Litletinden (1235), Tromsø, Norway




Litletinden (1235) as seen from Sørfjorden.

Litletinden was first climbed
on August 17th 1899 - via the West ridge - by the British mountaineer Claud Rawlence together with the Swiss
guides Josef and Emil Imboden

From Alpine Journal 1900-01: New Expeditions in 1899.

SOMMERBUGTTIND (FIRST ASCENT) (aka Store Rieppefjellet, 1295 m).
On August 16 Mr. Claud Rawlence, with the two Imbodens, made the first ascent of this peak, which is visible from Holmebugt, and is to the
west of the Sørfjord. Having quitted Holmebugt at 8 P.M., they arrived on the summit at 1.30 A.M. by the East ridge. Descending in a N.W.
direction they reached a glacier lake at 3 A.M. Thence, ascending over easy rocks and traversing an upper glacier, they gained at5 A.M.
the top of LALABAKTIND (FIRST ASCENT) (aka Sennedalfjellet, 1395 m), which is the highest summit of the group.
Thence, passing along a long aréte and over another but less well defined summit (Tverrfjellet, 1394), they traversed a narrow and interesting
ridge, and arrived on the top of the SKJURSNOESTIND (FIRST ASCENT) at 8 A.M. The descent to Sørfjordens Kirche
was made by narrow snow couloirs down the east face, the fjord being reached at 11 A.M. The weather during the morning was fine.

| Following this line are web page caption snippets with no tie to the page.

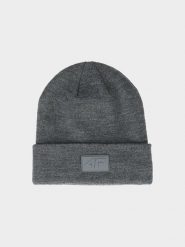 4F Czapka beanie uniseks - szara Uniwersalny. Szare czapki męskie 4F, na zimę, bez wzorów, z syntetyku. W wyprzedaży za 39.99 zł.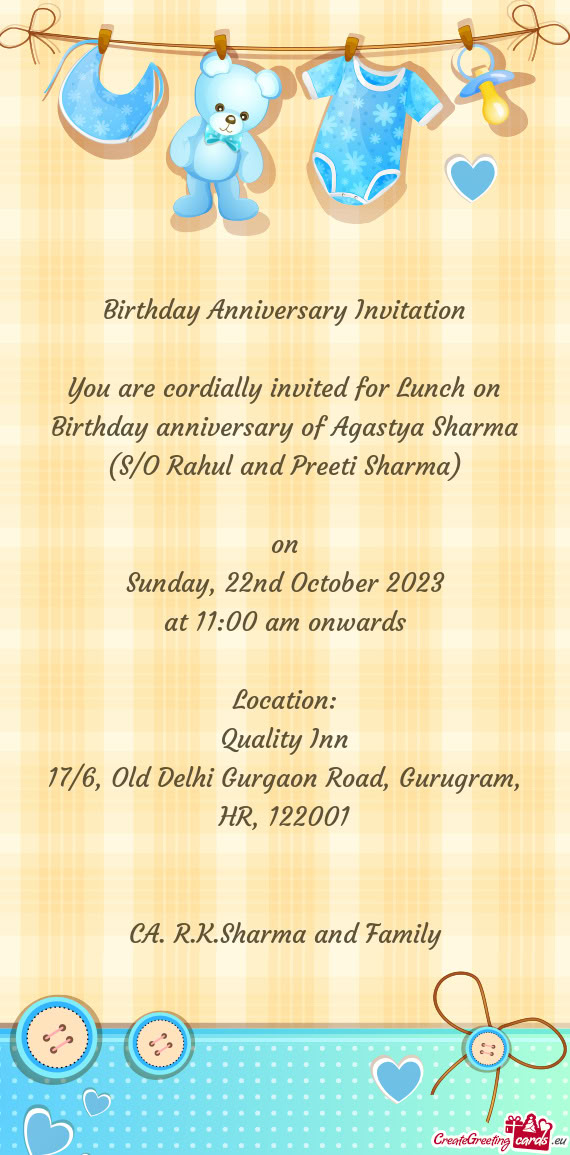 Birthday Anniversary Invitation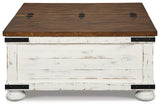 Top view showing dual-sided lift top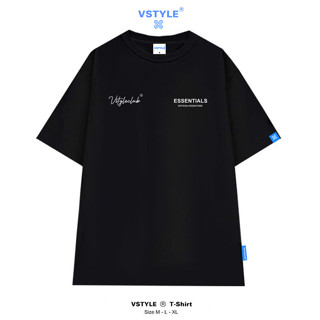 (FULL BOX) Áo Thun Basic Logo Vstyle "Signature" Unisex Nam Nữ Local Brand - Đen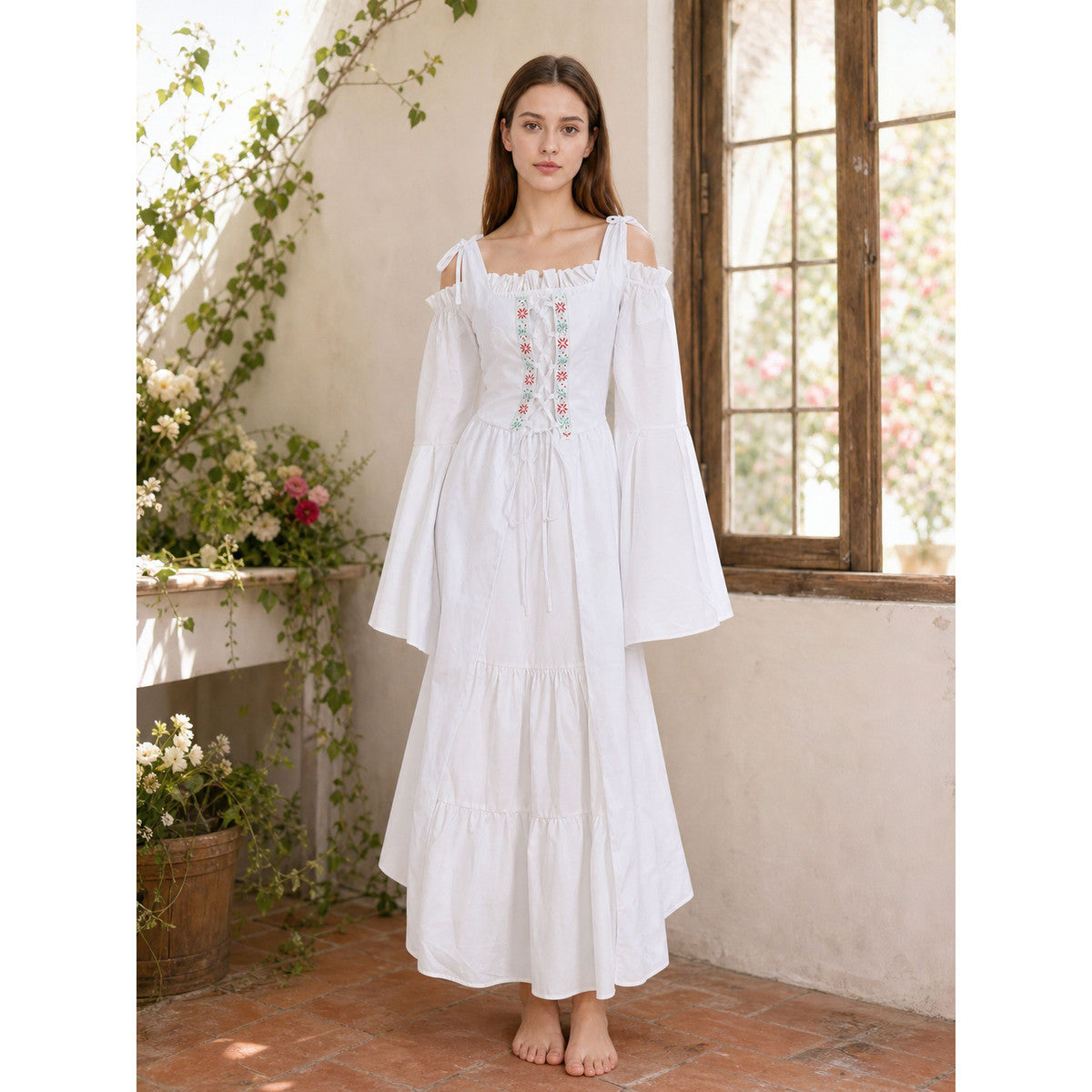 Retro-Style Embroidered Lace-Up Maxi Dress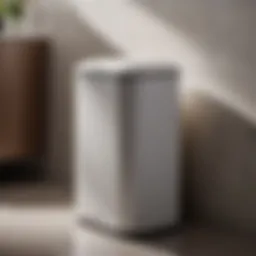 Sleek and modern trash can in a bathroom setting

The North face was climbed by Kent-Hugo Norheim and Geir Jenssen on August 30th 2009.
The summit was reached by climbing a couloir (40-50°) which begins as a very broad slope and  gradually narrows and steepens to a small notch
 just prior to reaching the summit.
The approach to the couloir is rather complicated. See the map and the pictures below.




The traverse over Sjursnestinden, Litletinden, Tverrfjellet and Sennedalfjellet.
Climbed by Kent-Hugo Norheim and Geir Jenssen, 30. August 2009.
It took us 13 hours!

 



The scree that we climbed from Tredjedalen towards Point 909 south of Litletinden.




A view towards Fjerdedalen, Fjerdedalsvatnet and the Blåisen glacier.
The Sami name for the lake and the glacier is Jietnjajavrrit and Olmáijietnja respectively.




A slightly difficult rock band - before reaching the South ridge - was climbed by following the grassy ledges in the center of this picture.




The summit of Litletinden was reached by climbing a couloir (40-50°) on the North face of the mountain.
The couloir begins as a very broad slope which gradually narrows and steepens to a small notch just prior to reaching the summit.




Looking down the couloir.




Looking towards Tverrfjellet (1394) from Litletinden. The East ridge of Tverrfjellet (right) was more difficult than expected with huge drops on each side.




The glacier southwest of Litletinden. The Sami name for this glacier is Stuorra Cuonjajietnja (Store Gåsebreen).




Easy climbing along the ridge
between Litletinden and Tverrfjellet. The rock was surprisingly solid.




As Mr. Claud Rawlence wrote in Alpine Journal 1900-01: "A narrow and interesting ridge."




The ridge
between Litletinden and Tverrfjellet as seen from the approach.




Litletinden (the black mountain) as seen from the summit area of Tverrfjellet.